Pictures with short captions
--------------------
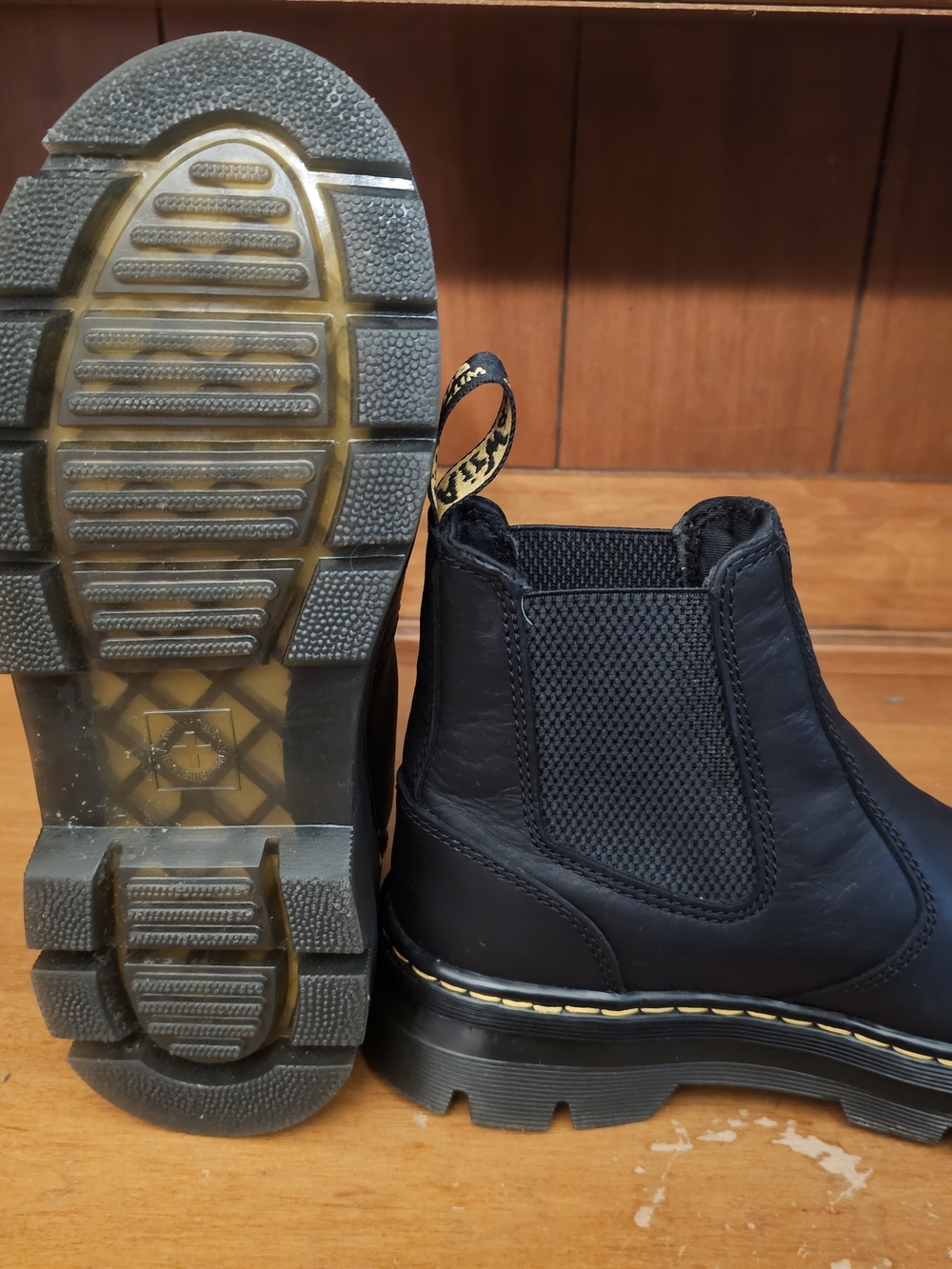Doc Martens Chelsea Sz 7 NWOB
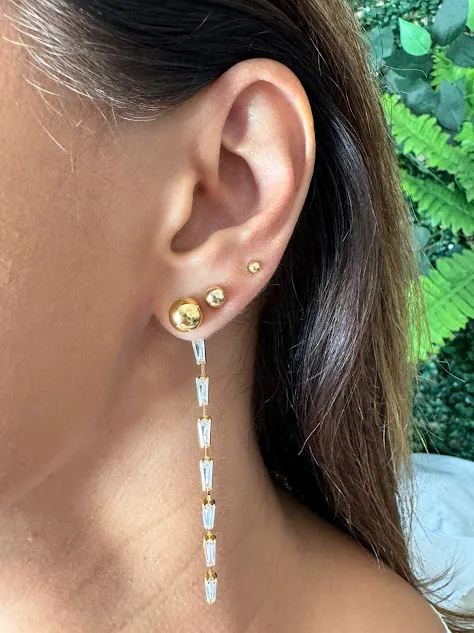 Brinco Navetes  Longo  - Banhado a Ouro 18K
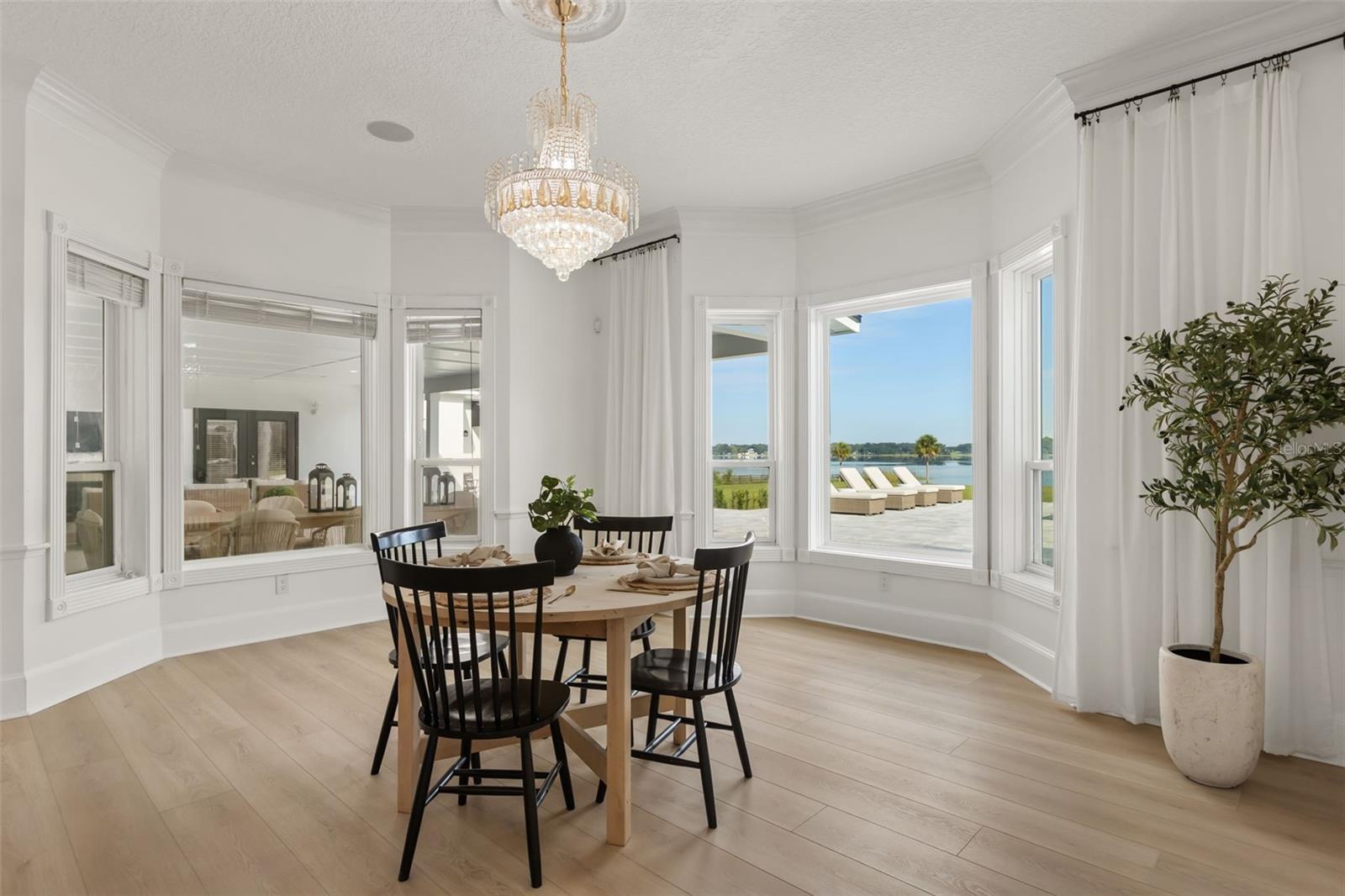 Breakfast Nook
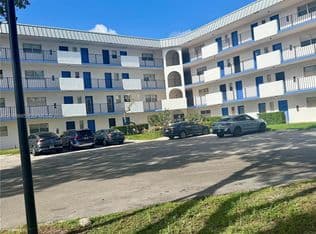 2-bedroom Condo — 6361 N Falls Circle Dr APT 311, Lauderhill, 33319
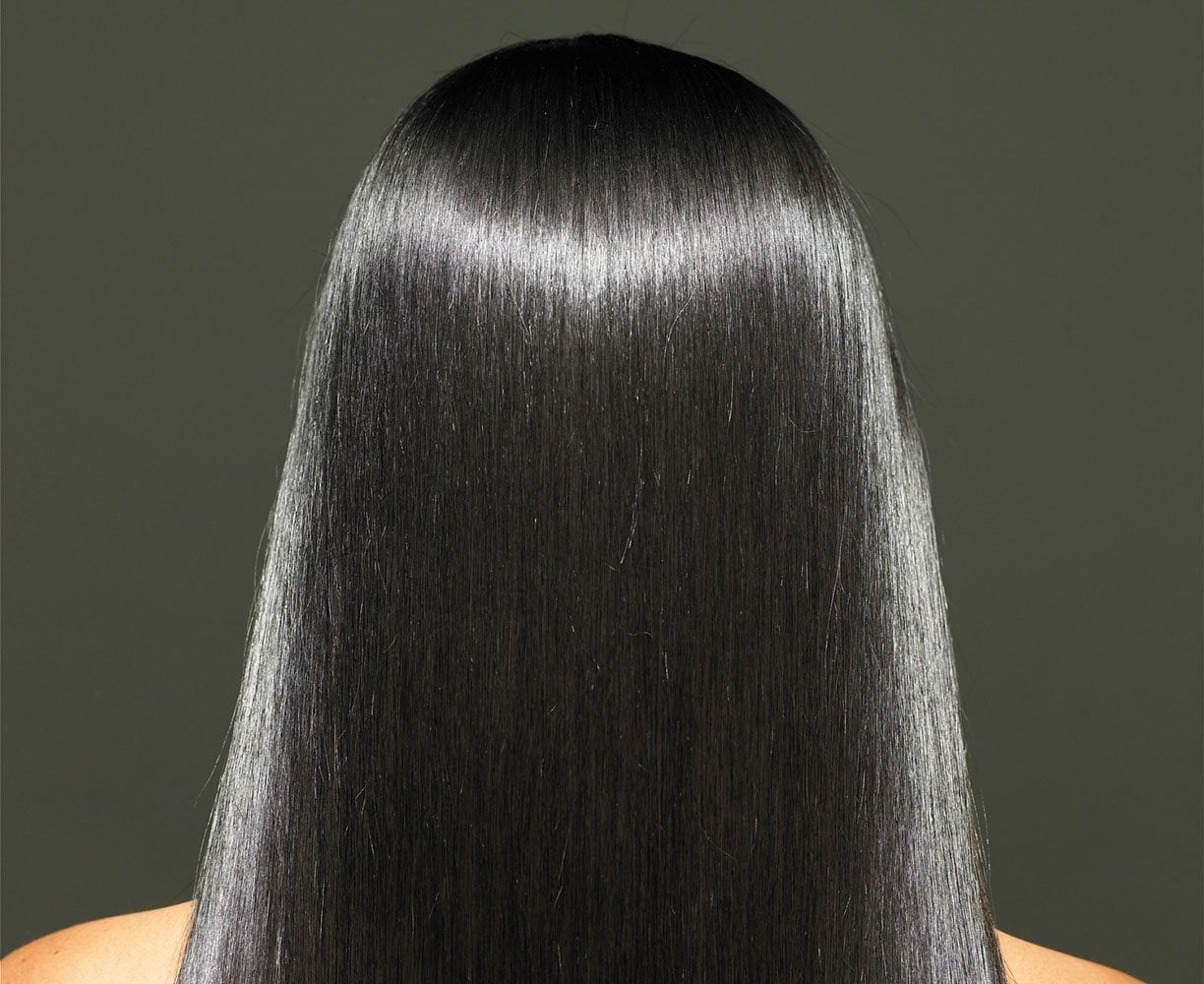 Mid-Back Straight Cut With Glossy Finish — Trendy Black Hair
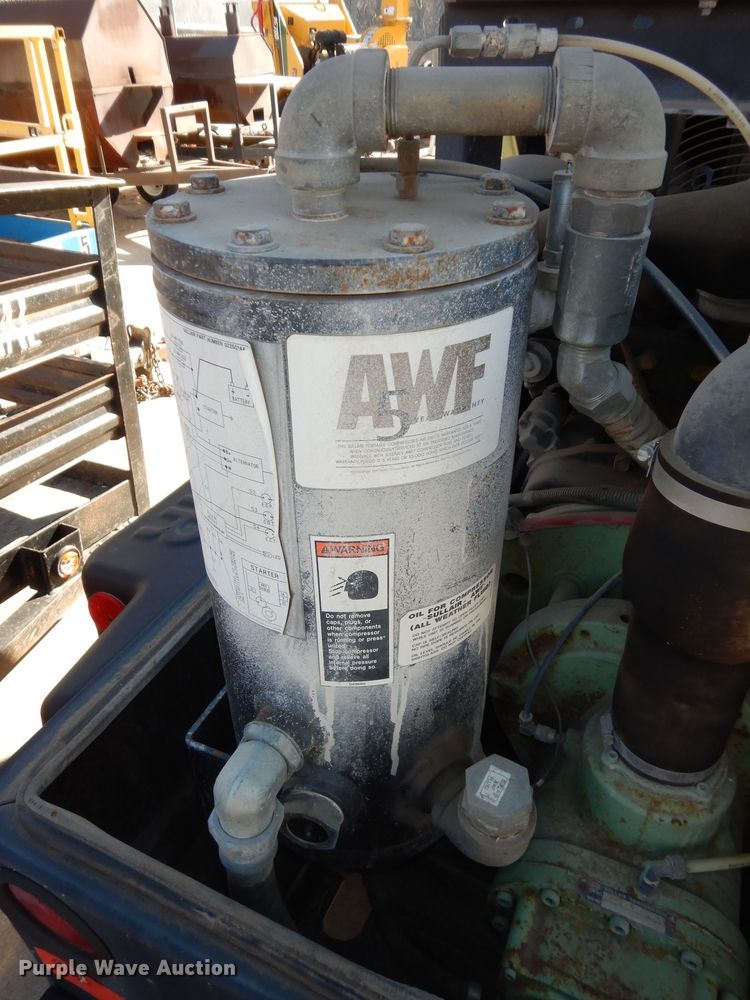 image for item DK7581 2004 Sullair 185  air compressor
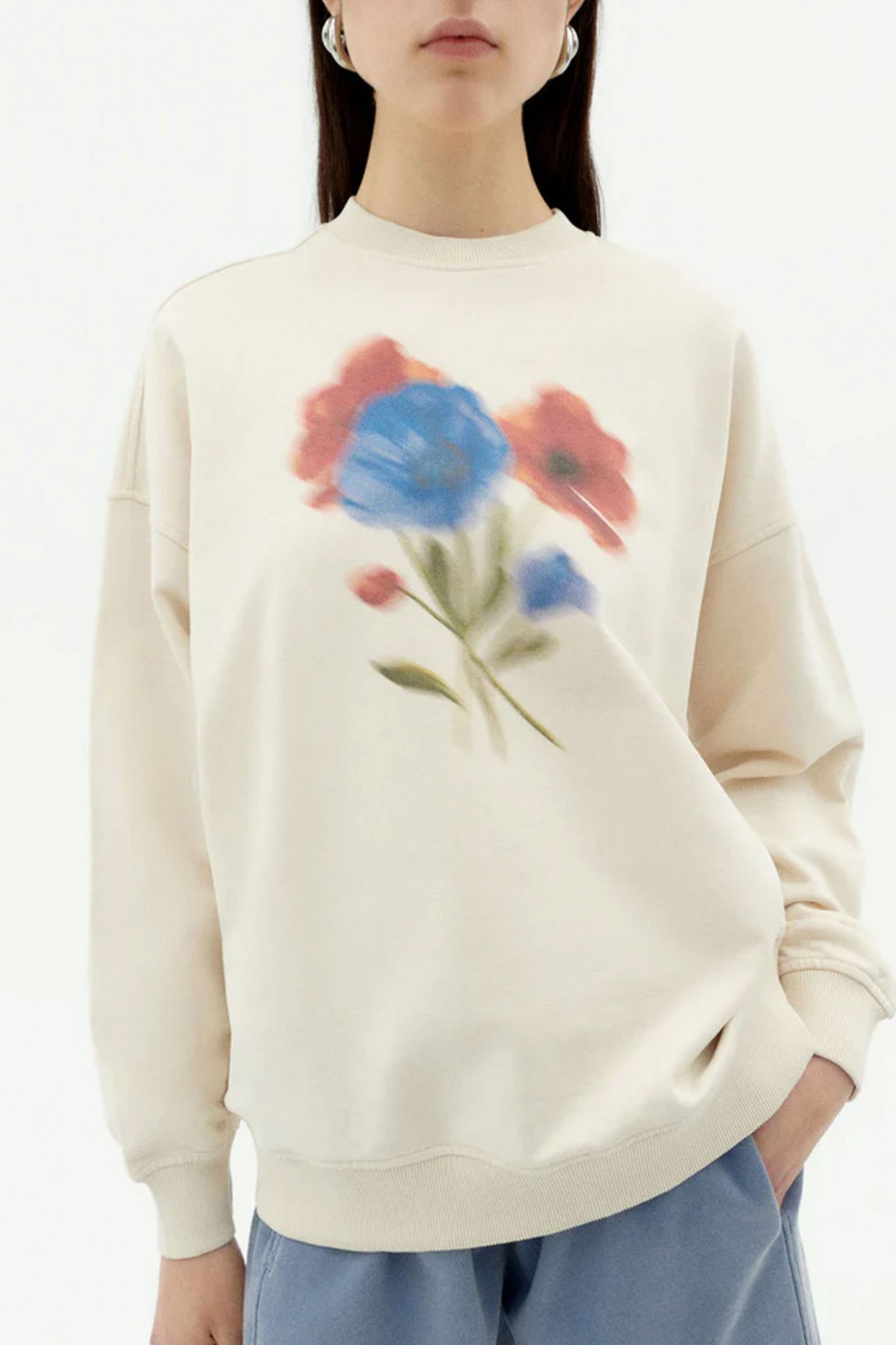 Pukas-Surf-Shop-woman-Sweater-thinking-mu-jjimena-blurry-flowers-white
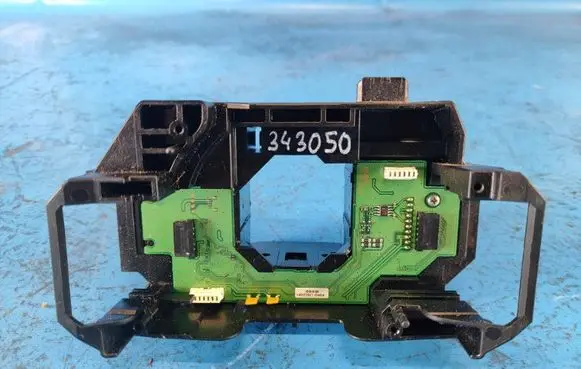 Volvo XC70 Indicator stalk 31343024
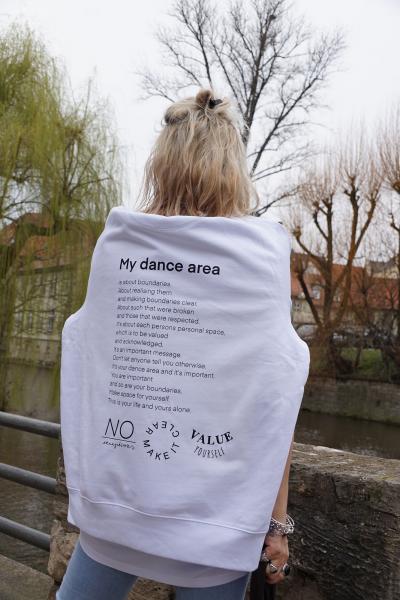 "My Dance Area" Hoodie Weiß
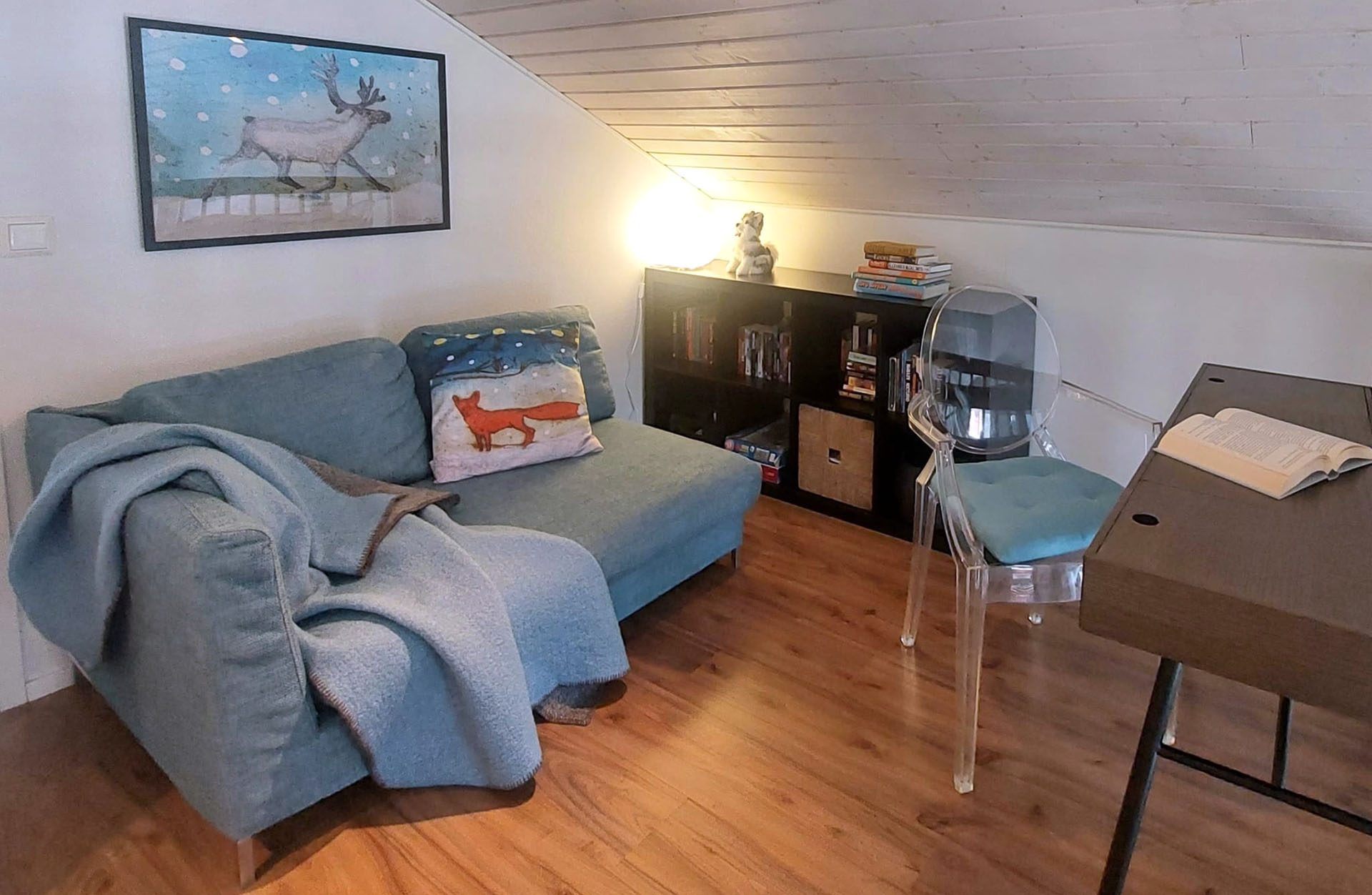 Levin Lumienkeli A6, yläkerran oleskelutila / lounge area upstairs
--------------------
▸ **EXERCISE**: Your output should consist solely of the lines from the line containing "image for item" through the end of the data above, copied exactly, with images removed.

▸ **RESPONSE TO THE TASK**:
 image for item DK7581 2004 Sullair 185  air compressor
 Pukas-Surf-Shop-woman-Sweater-thinking-mu-jjimena-blurry-flowers-white
 Volvo XC70 Indicator stalk 31343024
 "My Dance Area" Hoodie Weiß
 Levin Lumienkeli A6, yläkerran oleskelutila / lounge area upstairs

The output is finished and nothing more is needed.